Berbagai terpaan cobaan dan ujian yang diberikan oleh Tuhan, haruslah
senantiasa diterima dengan penuh kerelaan dan lapang dada, karena bukankah
tidak ada seorang mukminpun yang mampu merasakan manisnya iman kecuali dia
memperoleh timpahan bencana, kemudian ia ridho dan bersabar, sabda Nabi
: “barang siapa yang sakit semalam, serta sabar dan ridho kepada Allah
Ta’ala, maka dosa-dosanya bersih, laksana baru dilahirkan
ibunya” (Al-Ghazali: tt: 21).
2.2 Menerima
Ketentuan Allah dengan Lapang Dada
Seorang salik yang sudah bisa menata hatinya dengan ridho, maka ia
tidak menentang cobaan dari Tuhan, tetapi bahkan menerimanya dengan senang
hati. Ia tidak minta masuk surga dan tidak pula minta dijauhkan dari neraka. Di
dalam hatinya tidak ada benci, yang ada hanyalah perasaan senang. Ketika mala
petaka turun, hatinya merasa senang dan di dalamnya bergelora rasa cinta pada Tuhan.
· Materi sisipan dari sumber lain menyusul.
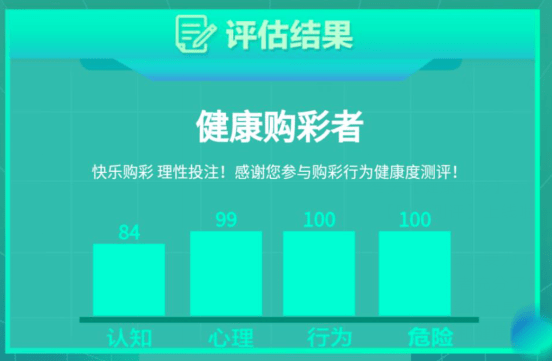 香港新奧彩123535,數據評估設計_TSI83.381先鋒科技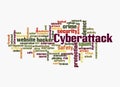 Word Cloud with CYBERATTACK concept, isolated on a white background Royalty Free Stock Photo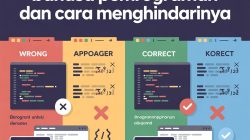 Kesalahan Umum Belajar Bahasa Pemrograman dan Cara Menghindarinya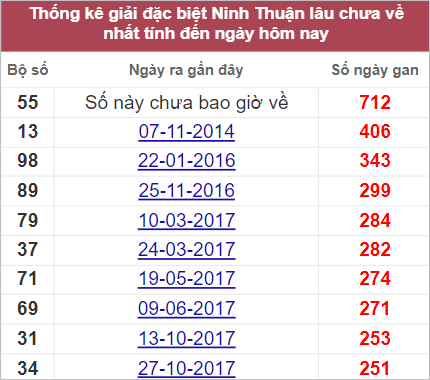 Thống kê giải đặc biệt Ninh Thuận lâu ra nhất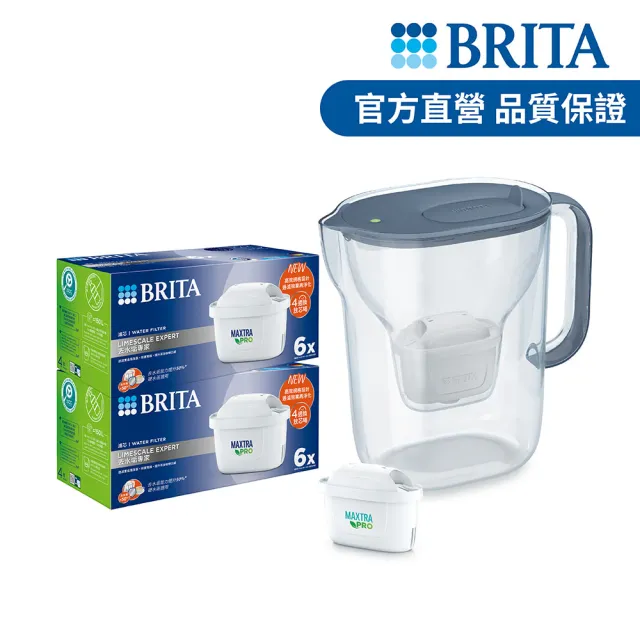 【BRITA】官方直營 純淨濾水壺XL(石灰藍)+MXPRO去水垢6入x2(共1壺13芯)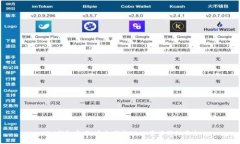 TRX钱包官网：安全便捷TRON资产管理平台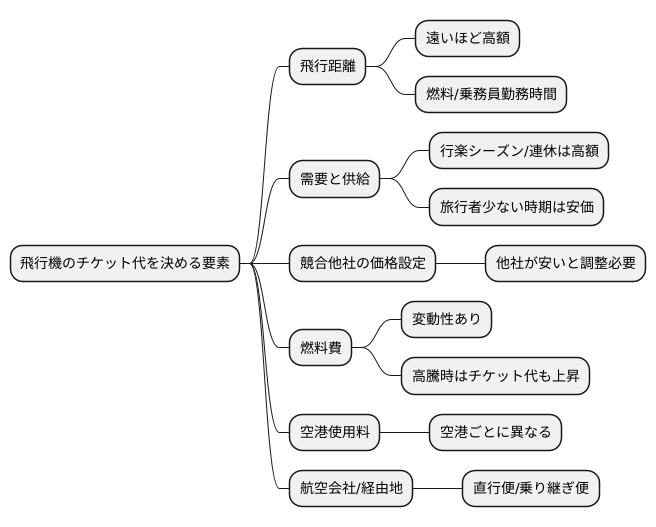 構成運賃の仕組み
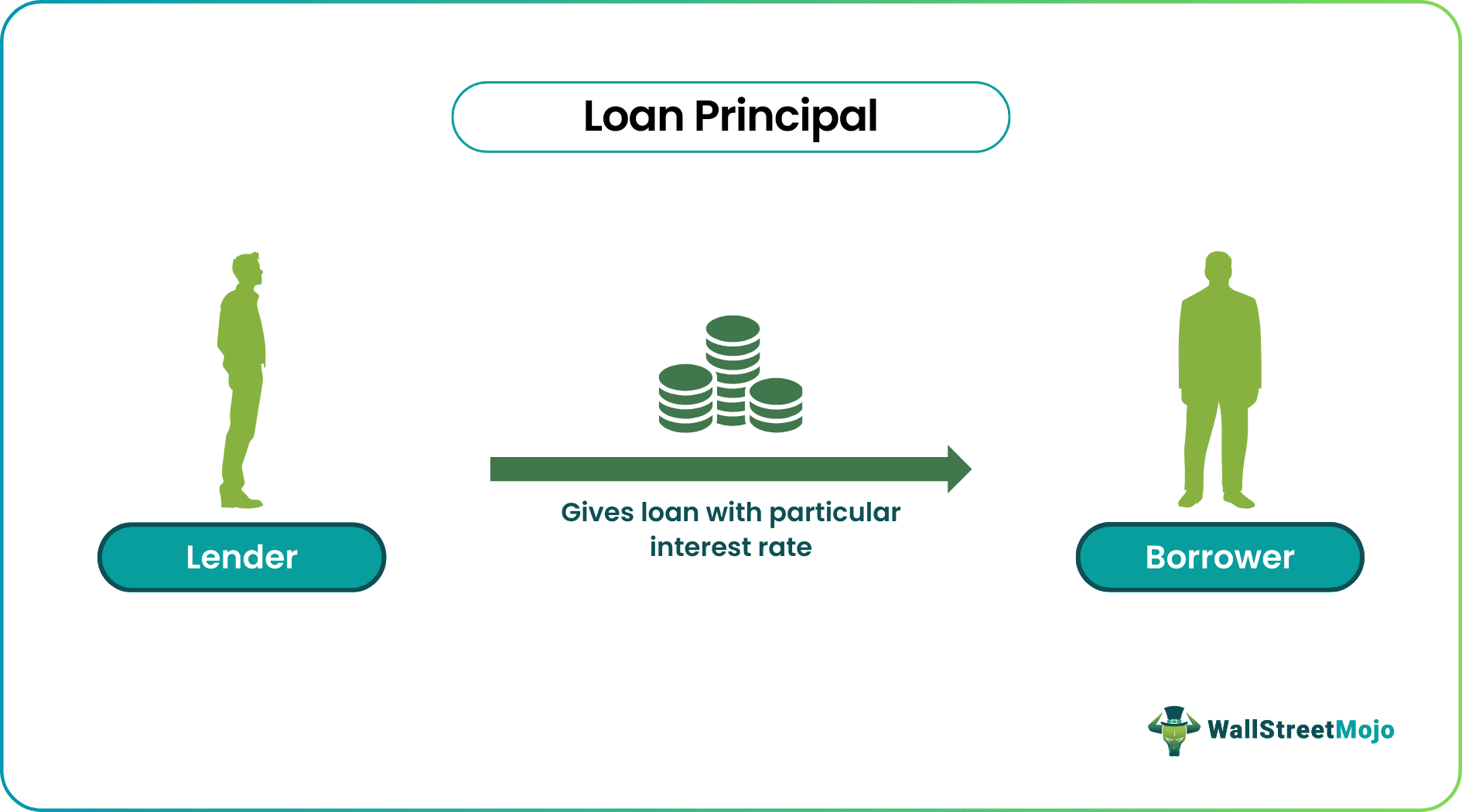 Loan Principal Amount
Di sini ia telah dekat dengan Tuhan dan ia pun akhirnya sampai ke ambang pintu
melihat Tuhan dengan mata hatinya, untuk selanjutnya ia akan bersatu dengan
Tuhan. (Amin Syukur : 1999: 52).
Bahkan Abu Sulaiman al-Darani mengatakan: “Seandainya semua makhluk dimasukkan
ke dalam Surga, dan aku dijerumuskan ke Neraka, maka aku akan ridho terhadap
hal itu”. (Al-Ghazali: tt: IV; 339).
Sikap menerima segala ketentuan Allah dengan perasaan senang, dan ridho ini
akan membuahkan ridho Allah, dalam sebuah hadits disebutkan:
“Barang siapa yang ridha atas rizqi sedikit yang diberikan oleh Allah,
maka Allah juga Ridha atas amal sedikitnya”.
Walaupun hadits ini dinilai dhaif, (al-Ghazali: IV: tt: 334), namun
hal ini bisa menjadi motivasi bersama bahwa persoalan ridho atas
ketentuan Allah adalah persoalan yang sangat utama. Ridho Allah adalah
dambaan setiap muslim yang menyadari bahwa itulah harta termahal yang pantas
diperebutkan oleh manusia. Tanpa ridho Allah, hidup kita akan hampa, kering,
tidak dapat merasakan nikmat atas segala apa yang telah ada di genggaman kita,
bermacam masalah silih berganti menyertai hidup kita. Harta berlimpah, makanan
berlebih namun ketika tidak ada ridho-Nya, semua menjadi hambar.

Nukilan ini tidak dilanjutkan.